Au centre, Dutilleul s’était installé avec les Six Hommes. Tous portaient des cannes à nœuds, recourbées, munies d’une pointe d’acier ; des églantines neuves étincelaient à leurs boutonnières. Dutilleul, tournant ses poils vers la loge jaune, annonçait des scalps et des estrapades, le pal et la roue, l’huile bouillante, le bûcher, le truffage des ventres, la grillade des pieds, le raclage des viscères…


Vers huit heures et demie, le flot grossit. Les deux portes vomirent une foule odorante. Puis le tabac éleva sa brume sur le marécage ; on vit des citoyens barbus apparaître sur la scène, une clameur des jaunes salua Christine Deslandes. Elle étincelait au-devant de la loge, dans un corsage gris argent, où luisait un fin bouquet de renoncules. À l’éclair de sa chevelure, aux fanaux de ses prunelles, les hommes de France reconnaissaient le luxe des luxes, la joie suprême des créatures périssables : Rouges et Jaunes mêlaient leurs symboles, leurs haines, leurs espoirs, leurs croyances, à la belle fille exaltante.
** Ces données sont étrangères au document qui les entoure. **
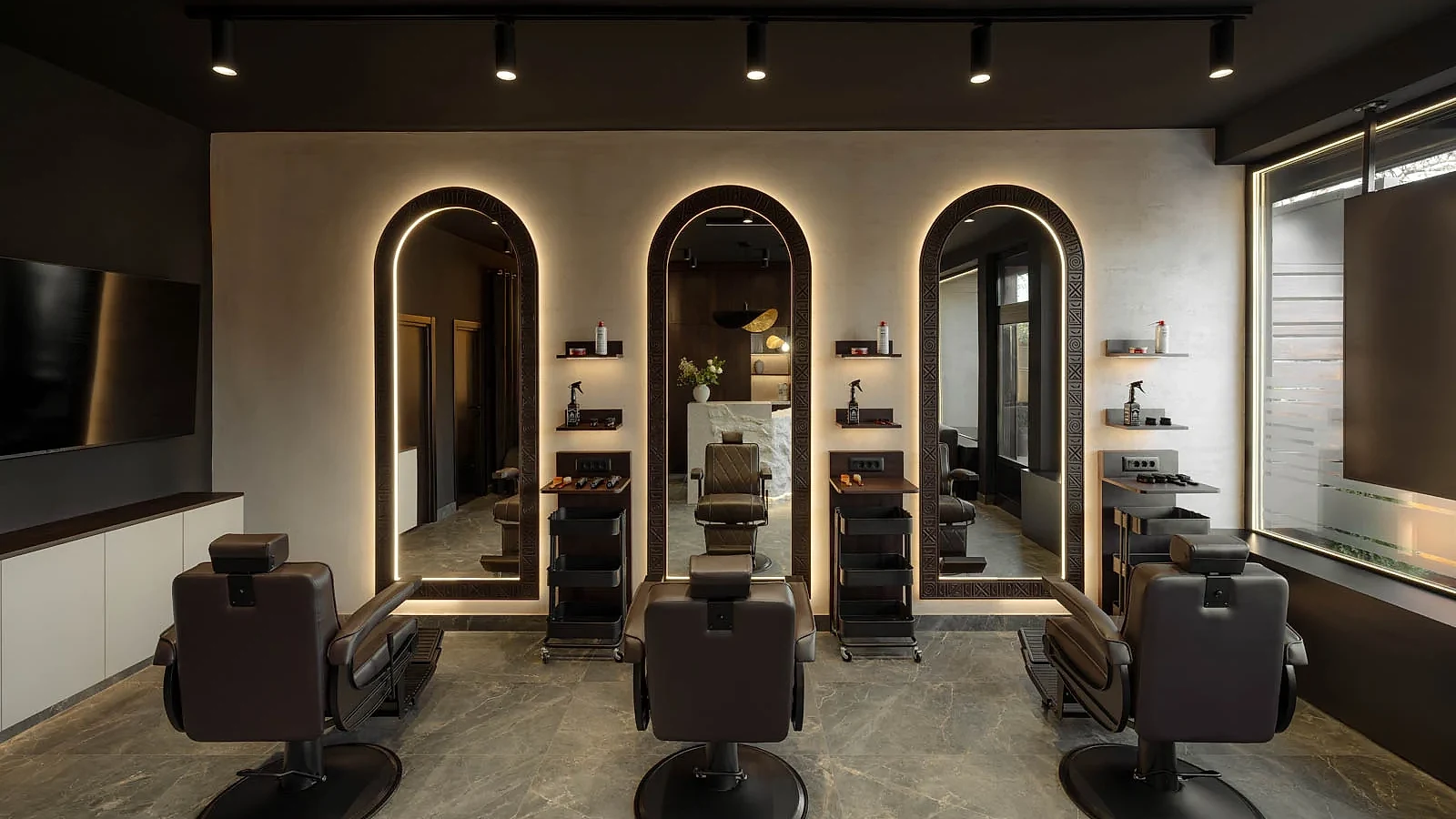 Three barber chairs and illuminated arched mirrors in the barbering area at L'Atelier 35
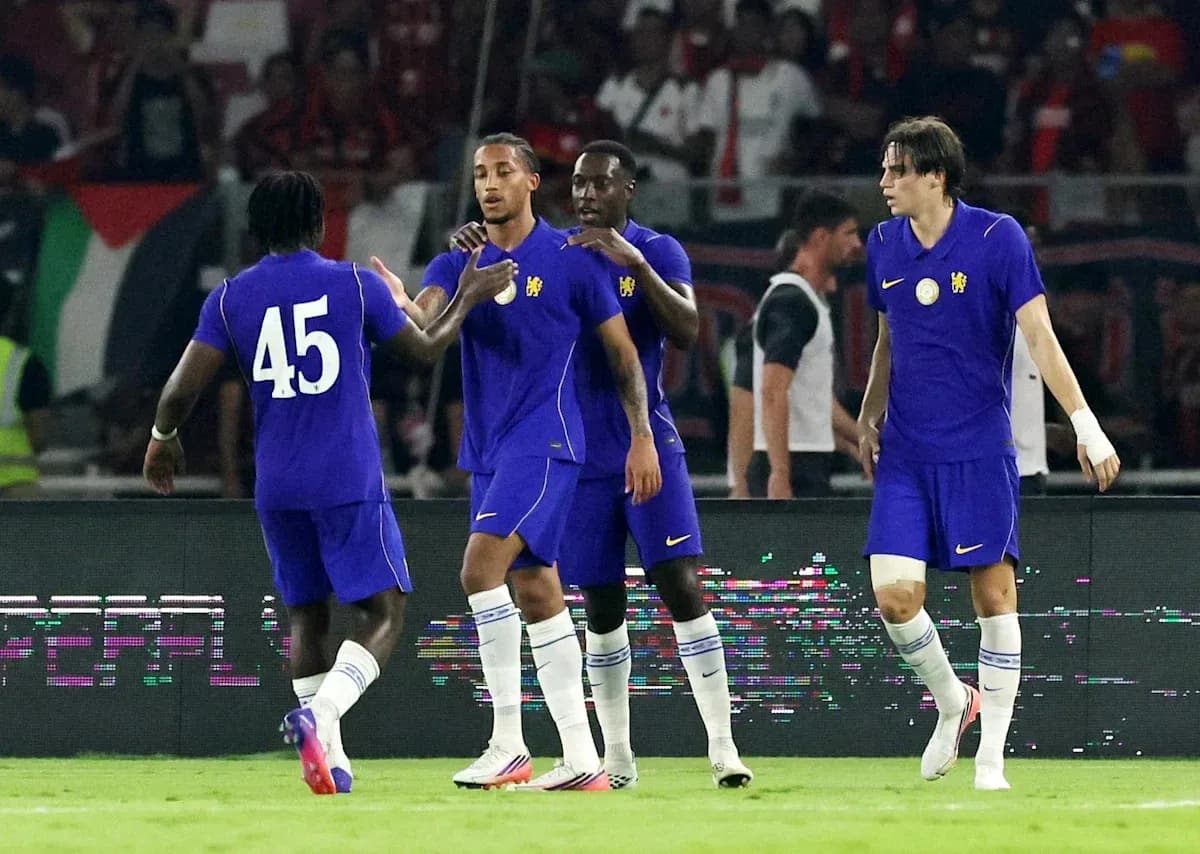 Players celebrating a goal during a football match Players celebrating a goal during a football match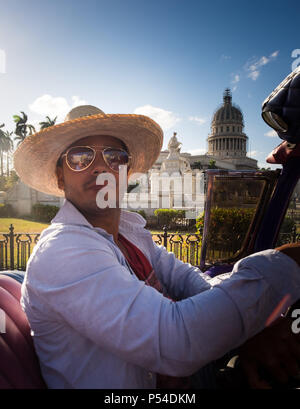 HAVANA, CUBA - CIRCA MAY 2016: Taxi driver of old convertible classic car driving through the Capitol in Havana Stock Photo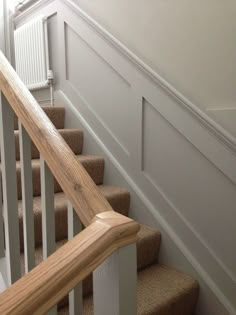 there is a wooden handrail on the stairs in this house with white walls and carpeted flooring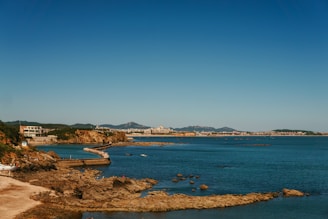 A body of water surrounded by a sandy beach
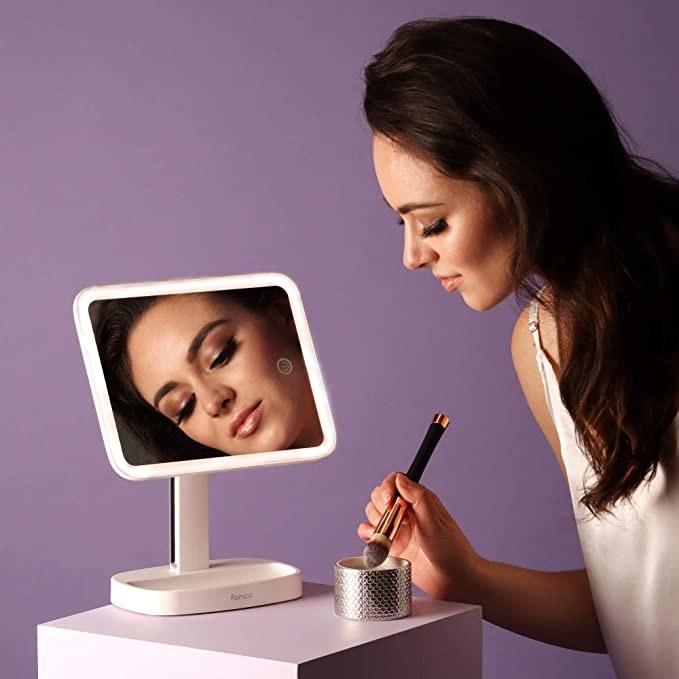 A person using the makeup mirror while applying powder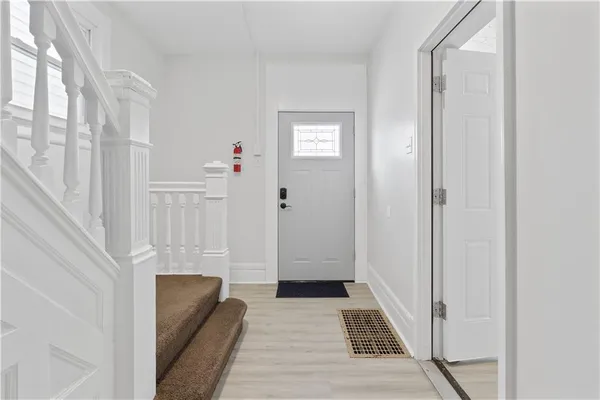 a hallway with wooden floor windows and stairs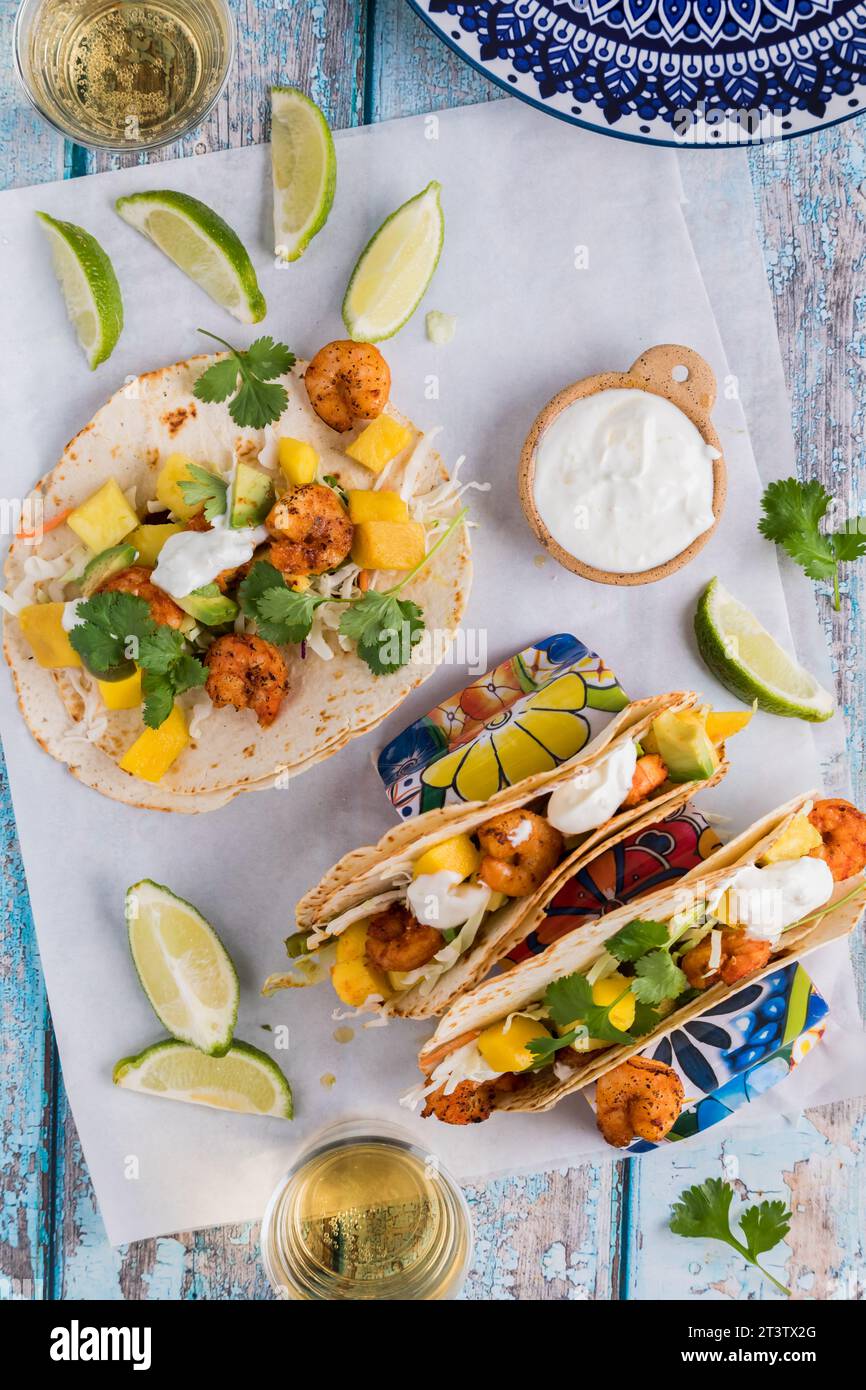 Homemade spicy shrimp tacos with lime yogurt sauce and garnished with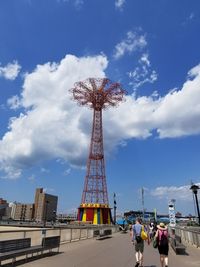 Low angle view of ferris wheel against cloudy sky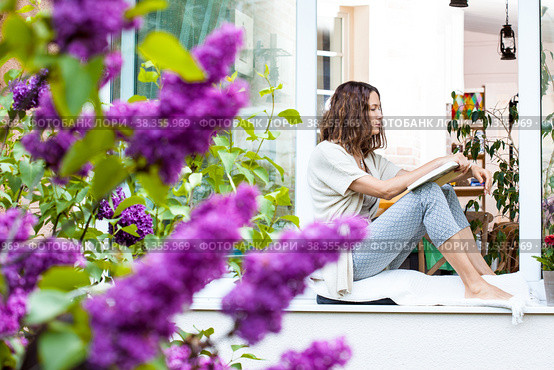 A beautiful middle-aged woman with a book in her hands sits on the windowsill. Стоковое фото, фотограф Astroid / Фотобанк Лори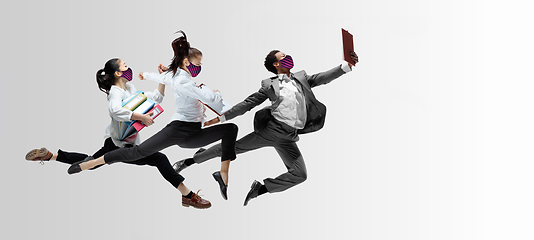 Image showing Happy office workers in face masks jumping and dancing in casual clothes or suit isolated on studio background. Creative collage.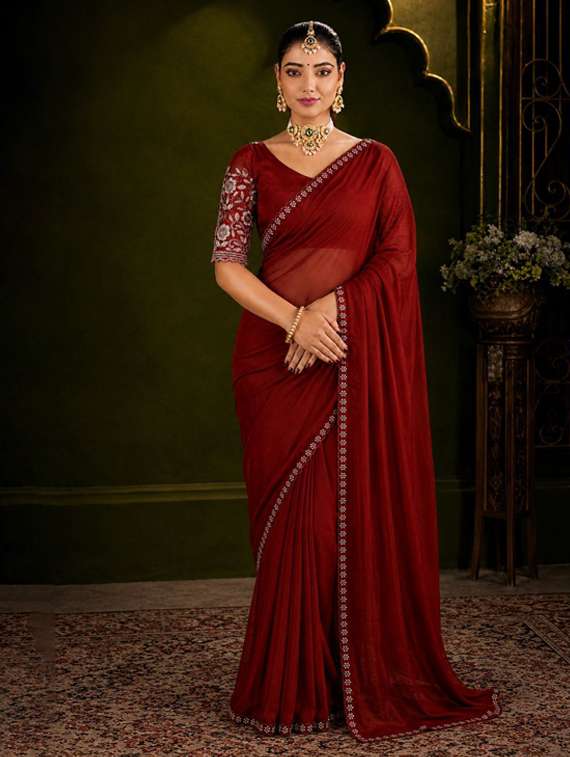 women solid with bordered saree with blouse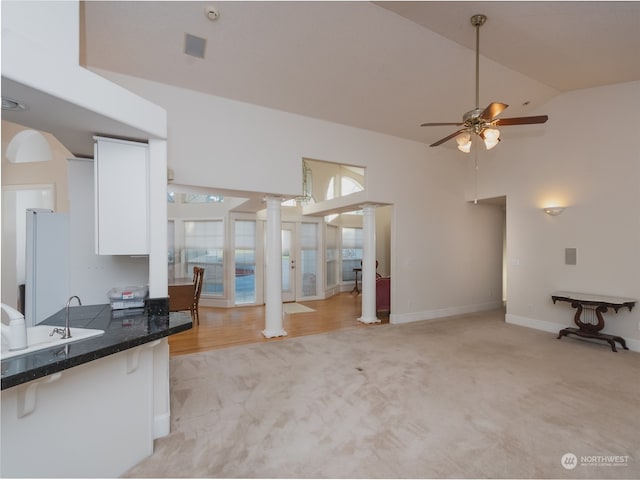 kitchen featuring white cabinets, ceiling fan, decorative columns, white fridge, and light colored carpet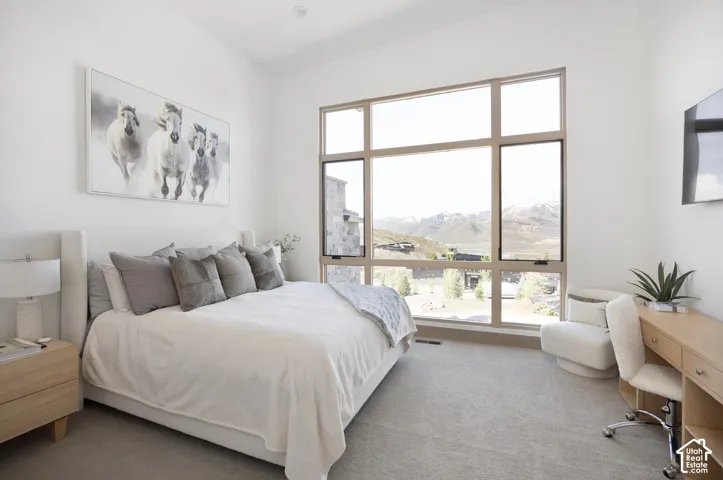 Vaulted ceiling, expansive multi-pane windows, and mountain scenery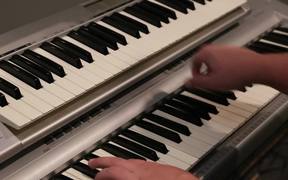 A Musician Plays a Piano and Key Board - Tech - VIDEOTIME.COM
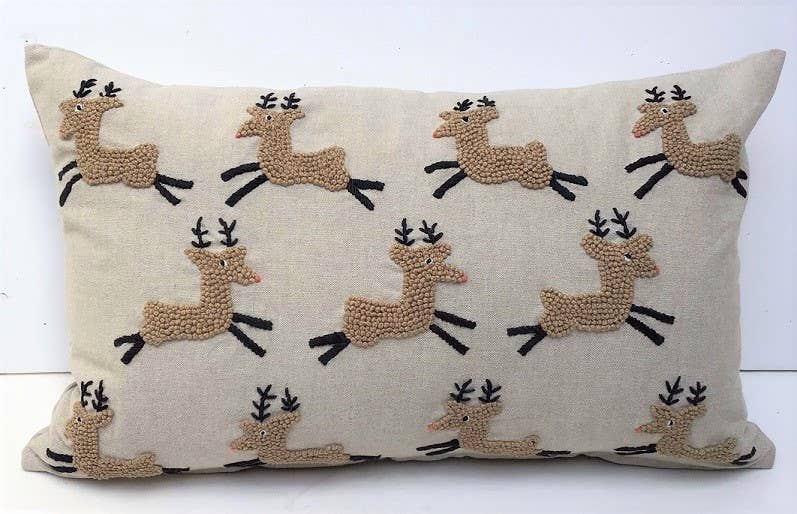Rectangular beige cotton pillow with ten tufted tan knotted reindeer leaping in rows, with black antlers and legs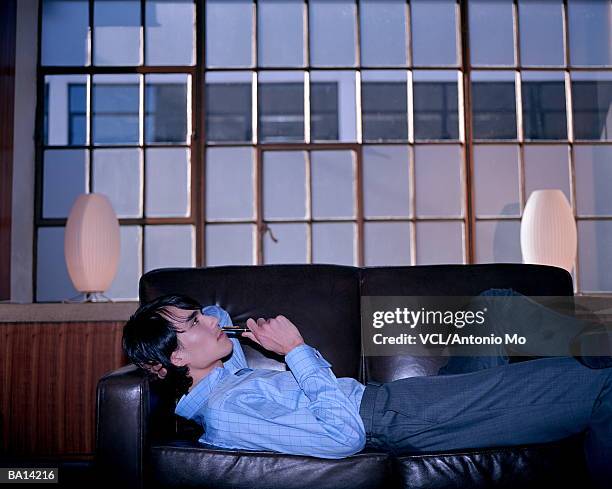 businessman lying on sofa, pen to mouth - antonio stock pictures, royalty-free photos & images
Le bureau se formait. Un camarade blafard invita l’assemblée à choisir un président. Quelques noms flottèrent dans la fumée ; une barbe scanda :

— Combelard.

La loge des jaunes riposta d’une seule clameur :

— Delestang.

C’était la première escarmouche. Les visages frémirent comme les facettes d’une rivière ; les voix clapotaient, fusaient, ricochaient au hasard des effervescences ; elles s’ordonnèrent, car les deux noms se prêtaient au même rythme :

— Com-be-lard ! De-les-tang !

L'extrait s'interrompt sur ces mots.